Forum theater is one of the more commonly used tools from Theater of the Oppressed. It begins with the crafting and performance of a short play that dramatizes real situations faced by the participants and that ends with the protagonist(s) being oppressed. After the first performance, the play or scene is repeated with one crucial difference: the spectators become “spect-actors” and can at any point yell “freeze” and take the place of an actor to attempt to transform the outcome. Forum theater is an exercise in democracy in which anyone can speak and anyone can act.
One of the first things that spect-actors realize is that, as in life, if they don’t intervene, nothing will change. The next thing spect-actors find is that doing “something” is not enough, it must be a strategic something. The people acting as oppressors on stage will maintain their oppression until they are authentically stopped — and just like in life, stopping them isn’t easy. Forum theater thus becomes a laboratory to experiment with different courses of action.
The protagonists should be characters that all or most of the people in the room can identify with, so that when they intervene, they are rehearsing their own action. The point is not to show what we think other people should do — it is not theater of advice. The point is to discover what we can do.
Forum theater is facilitated by someone called a Joker, who engages the spect-actors both on and off stage in dialogue throughout the process. After an intervention, the Joker may ask, “Did this work?”, “Was this realistic?”, “Can you do this in real life?”
Forum theater was developed in a context in which it was very clear what the oppression was, who was oppressed and who the oppressors were: its originator, Augusto Boal, was living in exile from the Brazilian military dictatorship, and social movements across the continent were struggling against harsh military repression. Since then, the technique has been adapted to countless other contexts around the world, as practitioners seek to grapple with the complicated power relationships of more diverse groups of people. Often interventions will uncover multiple layers of power, dramatizing characters who are simultaneously oppressed and oppressing others.
Forum theater is an effective tool of creative activism, useful for generating interventions, as an intervention itself, and for building common strategic frameworks for movements.
Potential Pitfalls
The role of the Joker is a tricky one. It is easy to leave the group with false optimism about what can work, or to run out of time before everyone is satisfied with what has been attempted.
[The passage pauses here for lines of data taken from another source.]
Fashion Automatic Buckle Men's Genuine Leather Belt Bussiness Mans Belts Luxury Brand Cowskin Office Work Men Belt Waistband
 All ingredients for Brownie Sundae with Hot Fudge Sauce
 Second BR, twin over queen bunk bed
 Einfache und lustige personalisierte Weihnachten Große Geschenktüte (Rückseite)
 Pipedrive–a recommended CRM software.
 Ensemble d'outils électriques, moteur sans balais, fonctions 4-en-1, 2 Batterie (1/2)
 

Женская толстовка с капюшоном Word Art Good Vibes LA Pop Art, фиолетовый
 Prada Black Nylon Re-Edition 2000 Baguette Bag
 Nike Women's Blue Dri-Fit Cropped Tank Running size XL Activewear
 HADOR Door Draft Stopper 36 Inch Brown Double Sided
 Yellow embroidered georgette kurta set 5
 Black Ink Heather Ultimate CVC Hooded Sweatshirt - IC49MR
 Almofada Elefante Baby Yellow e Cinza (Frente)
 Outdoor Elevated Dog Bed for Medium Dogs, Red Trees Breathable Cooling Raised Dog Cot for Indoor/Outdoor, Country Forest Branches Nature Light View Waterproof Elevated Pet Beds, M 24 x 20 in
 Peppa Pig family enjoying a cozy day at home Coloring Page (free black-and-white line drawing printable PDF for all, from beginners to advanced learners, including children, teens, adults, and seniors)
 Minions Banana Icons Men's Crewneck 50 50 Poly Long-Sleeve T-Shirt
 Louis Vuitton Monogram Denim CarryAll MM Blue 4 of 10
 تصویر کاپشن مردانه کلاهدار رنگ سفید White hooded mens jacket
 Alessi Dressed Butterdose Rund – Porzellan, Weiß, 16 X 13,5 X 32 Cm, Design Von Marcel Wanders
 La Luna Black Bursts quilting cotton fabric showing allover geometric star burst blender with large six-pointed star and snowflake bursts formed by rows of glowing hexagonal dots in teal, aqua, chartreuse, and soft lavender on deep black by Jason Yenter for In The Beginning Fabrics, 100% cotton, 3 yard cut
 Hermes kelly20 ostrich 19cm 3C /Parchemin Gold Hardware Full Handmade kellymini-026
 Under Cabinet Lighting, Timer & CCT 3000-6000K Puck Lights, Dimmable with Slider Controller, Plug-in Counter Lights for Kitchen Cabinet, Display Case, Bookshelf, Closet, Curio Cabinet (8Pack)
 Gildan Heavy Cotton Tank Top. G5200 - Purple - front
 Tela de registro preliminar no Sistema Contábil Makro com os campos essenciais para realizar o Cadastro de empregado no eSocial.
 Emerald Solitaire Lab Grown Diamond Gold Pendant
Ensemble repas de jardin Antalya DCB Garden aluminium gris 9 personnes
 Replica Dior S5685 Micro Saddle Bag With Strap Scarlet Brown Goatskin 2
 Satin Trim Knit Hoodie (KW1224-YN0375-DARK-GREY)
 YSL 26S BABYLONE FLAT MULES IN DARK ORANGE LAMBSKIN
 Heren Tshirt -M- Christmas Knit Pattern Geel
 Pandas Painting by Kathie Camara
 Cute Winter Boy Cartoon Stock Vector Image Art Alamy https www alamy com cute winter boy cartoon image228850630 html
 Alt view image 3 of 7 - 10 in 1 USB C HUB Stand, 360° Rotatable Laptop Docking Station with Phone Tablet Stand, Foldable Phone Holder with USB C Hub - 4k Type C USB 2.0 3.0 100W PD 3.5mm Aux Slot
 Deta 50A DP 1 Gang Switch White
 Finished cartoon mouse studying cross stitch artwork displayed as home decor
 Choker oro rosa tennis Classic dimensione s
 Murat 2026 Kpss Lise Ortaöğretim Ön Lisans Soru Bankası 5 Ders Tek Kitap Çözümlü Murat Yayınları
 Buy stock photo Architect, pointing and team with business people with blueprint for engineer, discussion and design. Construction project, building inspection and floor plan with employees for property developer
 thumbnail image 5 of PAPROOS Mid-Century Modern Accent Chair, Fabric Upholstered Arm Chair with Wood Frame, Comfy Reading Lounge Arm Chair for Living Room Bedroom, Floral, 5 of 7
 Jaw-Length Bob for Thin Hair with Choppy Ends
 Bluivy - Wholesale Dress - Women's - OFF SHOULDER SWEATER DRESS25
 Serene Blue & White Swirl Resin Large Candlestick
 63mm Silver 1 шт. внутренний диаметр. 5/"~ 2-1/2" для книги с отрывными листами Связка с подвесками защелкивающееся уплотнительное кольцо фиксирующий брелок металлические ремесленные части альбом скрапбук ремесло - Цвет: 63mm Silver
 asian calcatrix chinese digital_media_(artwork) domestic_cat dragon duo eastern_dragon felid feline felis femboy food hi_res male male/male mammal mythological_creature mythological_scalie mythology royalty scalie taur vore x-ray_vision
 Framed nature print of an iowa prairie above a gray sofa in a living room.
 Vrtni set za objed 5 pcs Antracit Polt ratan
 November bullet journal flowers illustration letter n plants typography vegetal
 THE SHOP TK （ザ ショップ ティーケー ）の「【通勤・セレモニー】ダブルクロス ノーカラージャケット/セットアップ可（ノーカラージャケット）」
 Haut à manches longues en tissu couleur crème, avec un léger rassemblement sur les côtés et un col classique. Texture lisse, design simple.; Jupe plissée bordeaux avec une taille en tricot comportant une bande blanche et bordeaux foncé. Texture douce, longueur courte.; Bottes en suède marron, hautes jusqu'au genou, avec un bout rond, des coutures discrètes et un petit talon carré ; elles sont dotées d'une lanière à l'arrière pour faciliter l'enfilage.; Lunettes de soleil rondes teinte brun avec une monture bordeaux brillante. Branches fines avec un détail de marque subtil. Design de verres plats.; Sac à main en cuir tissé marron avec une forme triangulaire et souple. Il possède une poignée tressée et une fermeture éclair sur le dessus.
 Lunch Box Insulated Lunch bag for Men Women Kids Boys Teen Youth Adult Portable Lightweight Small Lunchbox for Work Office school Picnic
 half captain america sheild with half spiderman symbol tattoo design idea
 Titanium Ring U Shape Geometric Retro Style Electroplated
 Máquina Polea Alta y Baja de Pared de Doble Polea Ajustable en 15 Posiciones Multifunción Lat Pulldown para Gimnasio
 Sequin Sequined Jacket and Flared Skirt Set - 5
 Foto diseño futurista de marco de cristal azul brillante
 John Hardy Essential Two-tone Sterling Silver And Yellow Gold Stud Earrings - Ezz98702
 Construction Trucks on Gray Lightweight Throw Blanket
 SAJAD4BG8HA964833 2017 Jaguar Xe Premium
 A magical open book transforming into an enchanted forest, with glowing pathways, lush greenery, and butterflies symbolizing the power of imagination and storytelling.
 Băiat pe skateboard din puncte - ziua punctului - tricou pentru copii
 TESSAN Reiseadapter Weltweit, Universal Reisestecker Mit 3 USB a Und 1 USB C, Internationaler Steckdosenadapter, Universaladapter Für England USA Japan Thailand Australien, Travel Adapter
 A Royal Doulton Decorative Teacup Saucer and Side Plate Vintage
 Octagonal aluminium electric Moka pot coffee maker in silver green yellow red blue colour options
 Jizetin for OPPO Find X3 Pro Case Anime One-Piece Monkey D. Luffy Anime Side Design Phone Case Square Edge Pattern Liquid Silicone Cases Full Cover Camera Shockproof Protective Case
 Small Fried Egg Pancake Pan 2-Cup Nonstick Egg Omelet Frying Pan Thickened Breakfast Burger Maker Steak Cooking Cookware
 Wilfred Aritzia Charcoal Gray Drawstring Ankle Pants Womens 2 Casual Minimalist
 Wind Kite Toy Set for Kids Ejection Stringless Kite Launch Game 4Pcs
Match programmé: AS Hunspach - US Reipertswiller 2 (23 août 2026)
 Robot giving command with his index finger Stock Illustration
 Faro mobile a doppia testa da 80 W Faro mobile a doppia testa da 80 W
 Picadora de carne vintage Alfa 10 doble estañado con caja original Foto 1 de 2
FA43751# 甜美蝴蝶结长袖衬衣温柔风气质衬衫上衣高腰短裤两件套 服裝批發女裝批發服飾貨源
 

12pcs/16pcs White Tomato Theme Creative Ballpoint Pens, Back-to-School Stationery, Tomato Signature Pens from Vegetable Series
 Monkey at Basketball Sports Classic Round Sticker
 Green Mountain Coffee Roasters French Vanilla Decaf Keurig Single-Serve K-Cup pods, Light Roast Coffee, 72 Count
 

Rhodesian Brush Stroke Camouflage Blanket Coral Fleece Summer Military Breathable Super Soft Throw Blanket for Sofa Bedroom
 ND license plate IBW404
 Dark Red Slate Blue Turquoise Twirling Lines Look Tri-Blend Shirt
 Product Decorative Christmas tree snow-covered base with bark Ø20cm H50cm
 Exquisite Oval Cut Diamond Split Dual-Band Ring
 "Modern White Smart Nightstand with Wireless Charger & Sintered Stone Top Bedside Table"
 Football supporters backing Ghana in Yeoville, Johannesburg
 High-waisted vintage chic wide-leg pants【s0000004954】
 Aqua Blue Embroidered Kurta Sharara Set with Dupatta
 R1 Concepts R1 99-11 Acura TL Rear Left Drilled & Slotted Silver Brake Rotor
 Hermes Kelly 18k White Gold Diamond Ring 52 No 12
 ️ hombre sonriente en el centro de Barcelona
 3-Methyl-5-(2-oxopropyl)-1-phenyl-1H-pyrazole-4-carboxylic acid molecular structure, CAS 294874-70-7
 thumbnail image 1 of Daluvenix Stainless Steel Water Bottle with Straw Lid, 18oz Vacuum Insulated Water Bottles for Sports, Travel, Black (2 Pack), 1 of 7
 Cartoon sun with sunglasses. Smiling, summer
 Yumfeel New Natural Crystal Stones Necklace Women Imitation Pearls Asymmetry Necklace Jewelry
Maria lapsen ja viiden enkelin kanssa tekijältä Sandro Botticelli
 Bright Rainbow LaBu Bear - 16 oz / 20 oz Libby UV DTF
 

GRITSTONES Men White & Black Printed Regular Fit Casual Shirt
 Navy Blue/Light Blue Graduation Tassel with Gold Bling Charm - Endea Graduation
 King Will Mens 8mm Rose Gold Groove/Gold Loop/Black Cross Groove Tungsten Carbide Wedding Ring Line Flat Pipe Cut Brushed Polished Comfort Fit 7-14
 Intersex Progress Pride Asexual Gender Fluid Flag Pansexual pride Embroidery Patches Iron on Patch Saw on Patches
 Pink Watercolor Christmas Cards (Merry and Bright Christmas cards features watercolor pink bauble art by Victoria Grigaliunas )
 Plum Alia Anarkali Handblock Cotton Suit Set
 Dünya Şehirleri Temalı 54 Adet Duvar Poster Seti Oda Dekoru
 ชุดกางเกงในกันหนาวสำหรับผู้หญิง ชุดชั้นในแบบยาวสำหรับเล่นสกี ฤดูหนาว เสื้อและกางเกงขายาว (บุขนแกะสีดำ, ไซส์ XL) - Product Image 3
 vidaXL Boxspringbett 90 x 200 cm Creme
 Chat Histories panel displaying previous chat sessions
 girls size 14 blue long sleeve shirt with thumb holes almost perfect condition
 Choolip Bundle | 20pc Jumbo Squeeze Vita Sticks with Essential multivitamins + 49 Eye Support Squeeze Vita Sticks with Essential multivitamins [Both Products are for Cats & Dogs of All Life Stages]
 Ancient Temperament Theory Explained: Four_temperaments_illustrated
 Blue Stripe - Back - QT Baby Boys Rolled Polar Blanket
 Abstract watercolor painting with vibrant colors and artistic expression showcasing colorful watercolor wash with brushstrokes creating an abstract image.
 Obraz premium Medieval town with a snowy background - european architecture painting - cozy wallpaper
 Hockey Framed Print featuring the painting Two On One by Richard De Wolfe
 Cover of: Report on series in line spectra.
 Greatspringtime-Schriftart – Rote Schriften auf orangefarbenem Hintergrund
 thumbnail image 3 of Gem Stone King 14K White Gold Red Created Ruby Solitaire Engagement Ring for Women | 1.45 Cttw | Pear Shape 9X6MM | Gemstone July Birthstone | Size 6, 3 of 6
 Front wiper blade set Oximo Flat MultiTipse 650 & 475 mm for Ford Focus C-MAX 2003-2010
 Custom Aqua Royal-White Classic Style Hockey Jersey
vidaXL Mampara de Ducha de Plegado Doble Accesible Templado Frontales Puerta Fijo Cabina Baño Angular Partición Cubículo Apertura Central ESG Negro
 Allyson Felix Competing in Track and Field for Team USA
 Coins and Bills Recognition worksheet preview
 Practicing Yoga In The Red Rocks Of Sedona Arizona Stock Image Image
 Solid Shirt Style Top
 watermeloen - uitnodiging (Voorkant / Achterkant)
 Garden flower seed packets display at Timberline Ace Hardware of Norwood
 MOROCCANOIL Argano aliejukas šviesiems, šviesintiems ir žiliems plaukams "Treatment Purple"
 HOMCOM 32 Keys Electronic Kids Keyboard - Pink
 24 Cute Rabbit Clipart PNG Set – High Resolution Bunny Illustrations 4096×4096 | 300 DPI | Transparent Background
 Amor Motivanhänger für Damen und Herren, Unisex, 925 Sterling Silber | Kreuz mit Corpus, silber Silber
The Joker must make many small decisions in every moment, such as whether or not to allow the introduction of additional characters, whether or not to add interventions upon other interventions, how many interventions to allow, when to stop an intervention when it’s not going anywhere, and so on.
Another pitfall is to use forum theater to generate solutions and then fail to act on them: forum theater “works” to the extent that it prepares participants to intervene critically in their own lives.